§ Task to complete:
Nothing but the lines below from the one containing "Gulfstream V/SP/500" through the one containing "working lamp 10m working lamp 10m" should appear in the answer, exact and without pictures.

§ Supplied entries:
BEGIN

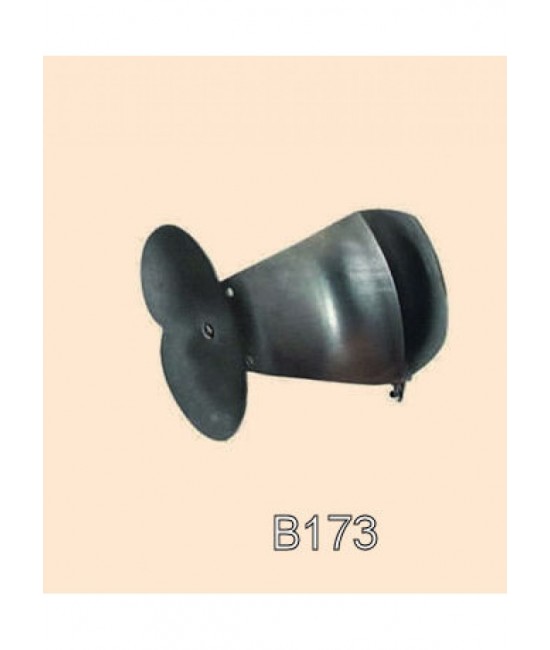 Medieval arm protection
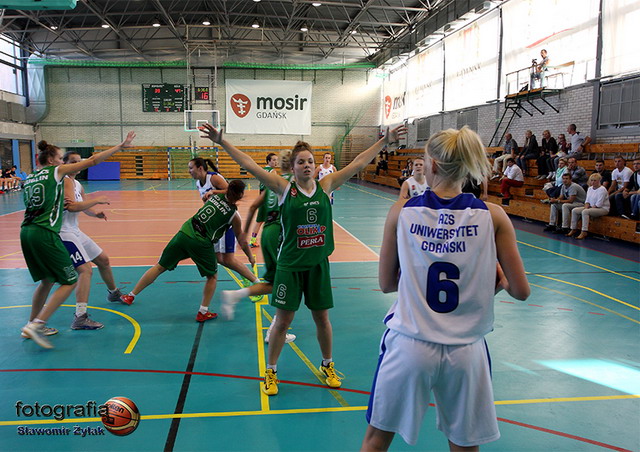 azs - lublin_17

END
BEGIN

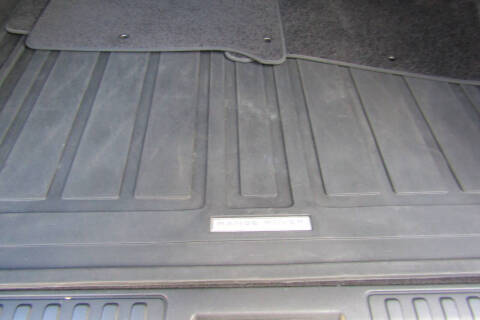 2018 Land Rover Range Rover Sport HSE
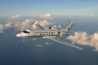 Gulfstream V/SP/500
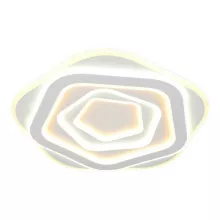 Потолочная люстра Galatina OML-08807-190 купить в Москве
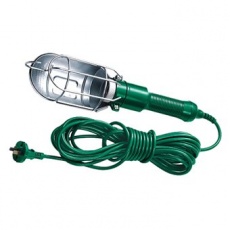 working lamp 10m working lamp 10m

END
BEGIN

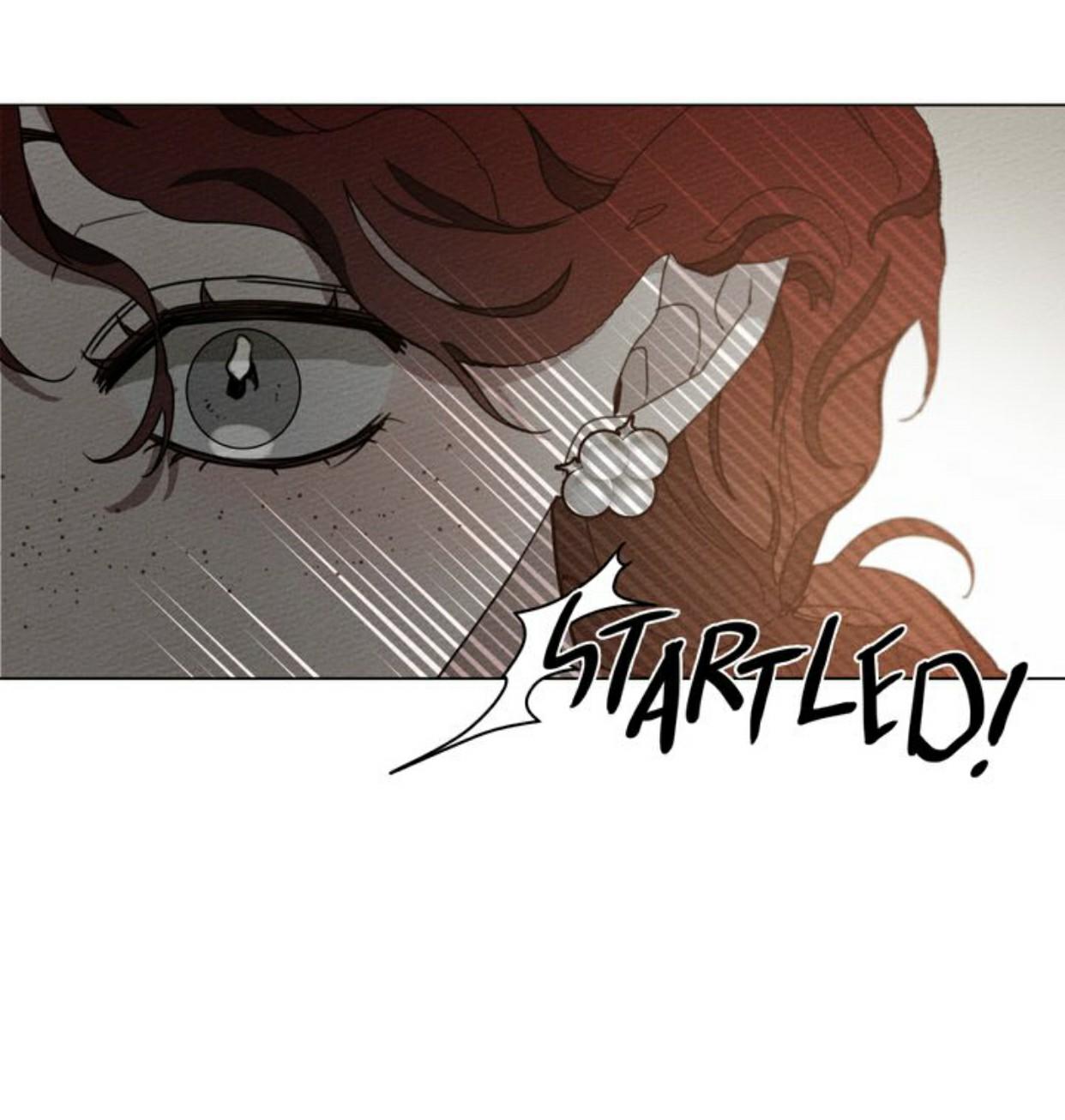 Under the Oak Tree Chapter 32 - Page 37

END

§ Expected answer:
 Gulfstream V/SP/500
 Потолочная люстра Galatina OML-08807-190 купить в Москве
 working lamp 10m working lamp 10m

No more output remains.